The fact is that this whole “do-it-yoursel-fer” argument has been blown way out of proportion. The specification does not state that do-it-yourselfers are incapable of using mitered corner pieces; it merely states, as quoted above, that preformed corner pieces are “somewhat easier for a do-it-yourselfer to work with.” Furthermore, the only reference to do-it-yoursel-fers during prosecution is a statement that certain known prior art arrangements are • difficult for a do-it-yourselfer to use because the fabric must be cut precisely to size whereas according to the invention of the ’260 patent, the fabric need merely be cut roughly to size, with the excess fabric being stuffed in the storage channel. This is equally true as to either kind of corner. To infer from this one statement that the claims must be limited to features not recited in the claims (i.e., “preformed” corner pieces) is contrary to established patent law practice.
Let us consider next another lesson about meaning to be learned from the specification. In the quotation above from column 8, in the opening sentence the drafter of the specification exhibits a clear consciousness of the distinction between “preformed right-angle corner pieces” and those made by mitering and placing at right angles two short pieces of linear border pieces. Claim 1 does not contain the limiting word “preformed” yet the majority, without justification, is reading it into the claim in holding that the claim does not cover corner pieces which are made up as clearly described in the specification.

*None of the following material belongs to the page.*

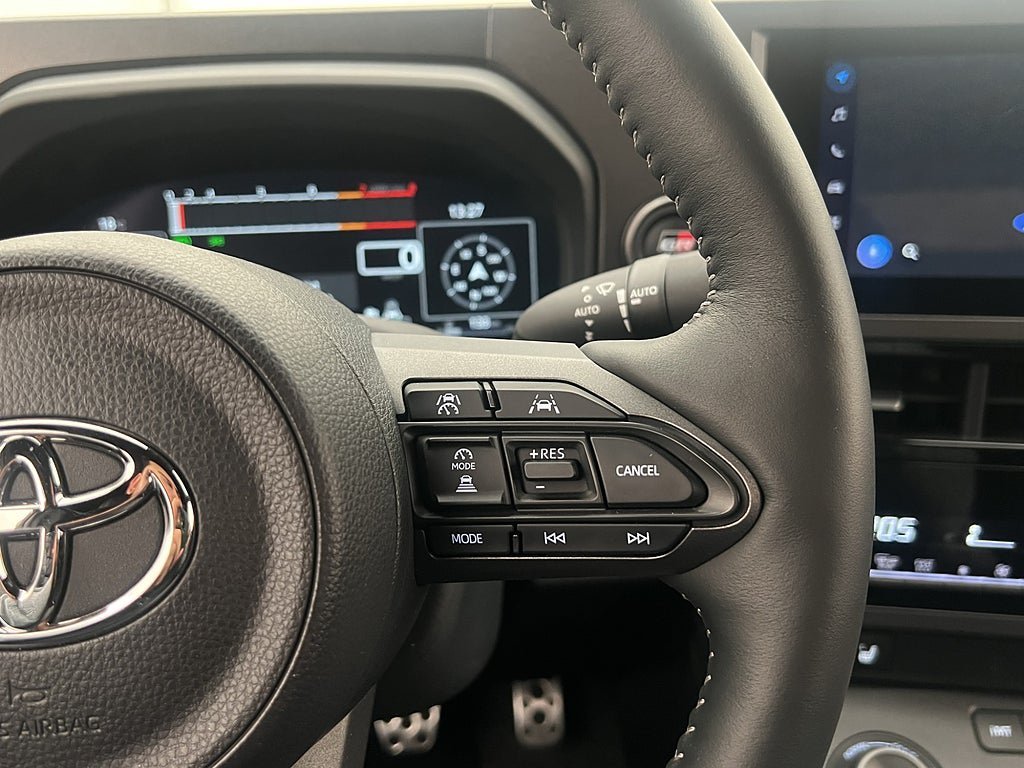 Vehicle Image 19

I also point out that the term “right-angle” is not a limitation to preformed unitary pieces since the specification makes clear that the made-up variety of corners are also right-angle corner pieces when assembled.
The majority’s argument based on alleged violation of the “all elements” rule is untenable. It overlooks the fact that the teaching in the specification is clear about making “corner pieces” by using two “short linear border pieces” (my emphasis) and then using such “improvised” corner pieces in conjunction with linear pieces to make the complete wall frame. Of course, it is the all-elements rule on which the defendants rely for non-infringement, arguing that they have no “corner pieces” when in fact they have a type of corner piece which is disclosed and claimed as an element of the combination of claim 1. I am not “merging the two types of claim elements into one” — whatever that may mean. I am simply saying that the ele*1568ment defined in claim 1 as “right-angle corner border pieces” is, as clearly shown by the patent and its prosecution history, a limitation generic to two types of corner pieces disclosed in the patent which is broad enough to read on defendants’ structure because it is clearly not limited to “preformed” or “unitary” corner pieces, as held below and by the majority. That is the sum and substance of my position and it calls for reversal.
The prosecution history contains nothing contradictory to my position and much to support it, as shown above. I have not found any evidence to contradict it or to support the district court opinion which demonstrates a dismal failure to comprehend many patent law fundamentals and accepts, as established fact, opinion statements of defendants’ expert witness unsupported by the record. The reader should also be aware that the district judge made no separate “findings of fact.” He wrote a short, confused opinion which he concluded with the escape clause saying “The foregoing shall constitute the Findings of Fact and Conclusions of Law in accordance with Rule 54(b) [sic] of the Fed.R.Civ.P.”